In November when your chufa tops have died down, turn over a few clumps for your first time turkeys to find, or disk the edges of your plot so that they can begin to enjoy their winter food.  After they have located the plot, they will scratch it up, test it for flavor and notify the next of kin; with the end result looking like a Vietnam mortar attack. This is the look you're paying for.


Chufas may be broadcast at a rate of 40 lbs. per acre on a prepared and fertilized seedbed.

Spread 200 to 500 lbs./acre of 13-13-13 on the disked plot.

Broadcast the chufas 2 to 4 seeds per square foot.

Set disk to cut 4 inches deep. This will cover seeds 2 inches.

When the plants are 6 to 12 inches high  (approx. 1 month)  top dress with 100 lb/acre of actual nitrogen (300 lbs. per acre of ammonium nitrate.

One plant per square foot will provide maximum yield.
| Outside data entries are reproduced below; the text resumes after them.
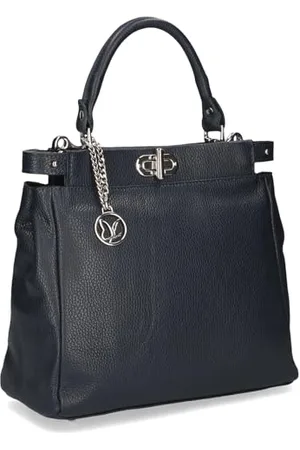 Caprice Damen Henkeltasche aus Leder mit Ketten-Detail, Blau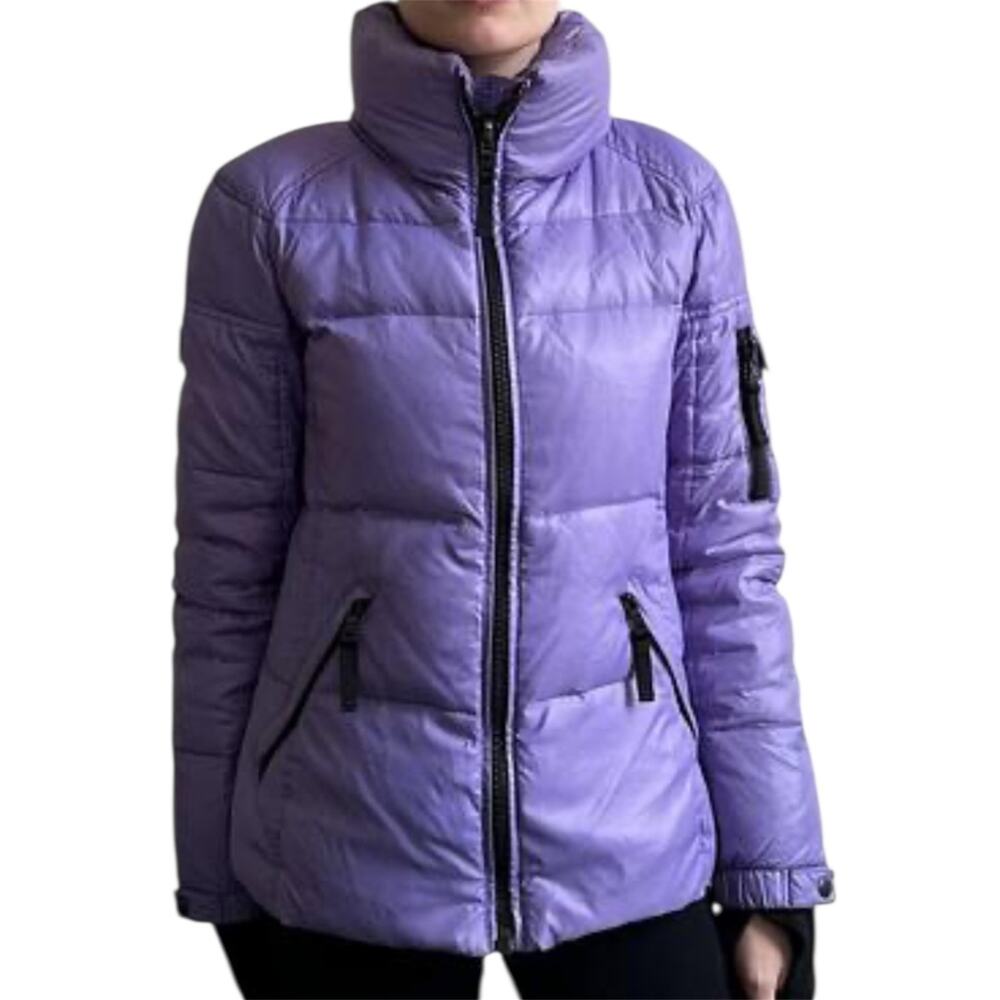 S13/NYC Mogul Women’s Down Puffer Jacket Glossy Purple Winter Coat Size Small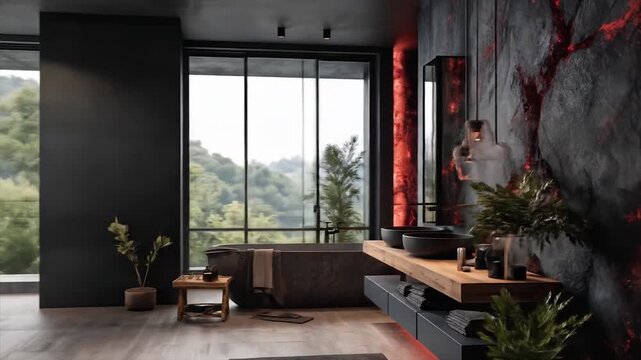 Modern luxury bathroom interior design with dark stone and red lighting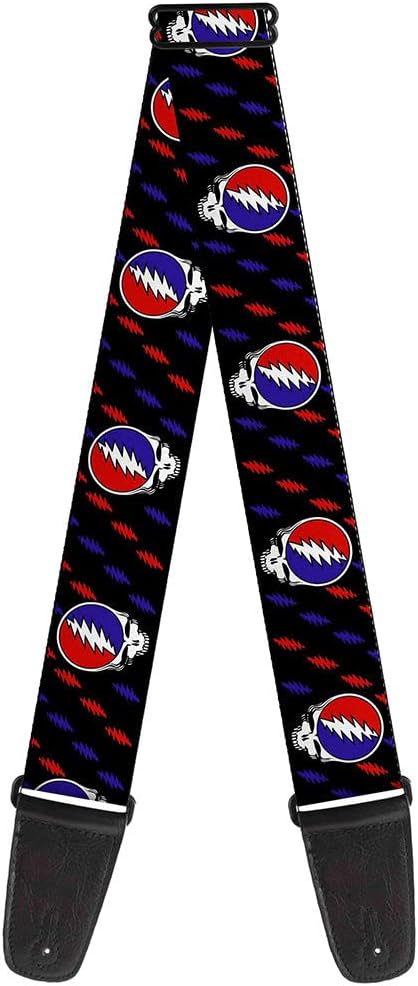 Grateful Dead Guitar Strap, Steal Your Face Mini Lightning Bolt Black Red White Blue, 2 Inches Wide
Chufas can be made to regenerate for several years by applying fertilizer and disking each spring.  We know of one case where a good stand has persisted for 7 years using this technique.  The limit is usually 2 to 3 years.  A rotation plan of planting new plots each year and renovating older ones is best if enough land is available.


We use peanut plates and plant 1 1/2 inches deein 30" or 36" rows with seed spacing 4 1/2 to 5 inches in the row.

We suggest 200 to 500 lbs. of 13-13-13 per acre depending on the fertility level of your soil.

When plants are between 6 to 12 inches high, side dress with 300 lbs. of ammonium nitrate per acre, which equals 100lb/acre of actual nitrogen.






Suggested chemicals to use for weed control. Follow directions for peanuts and soybeans very, very, very carefully.Be aware of the OSHA police.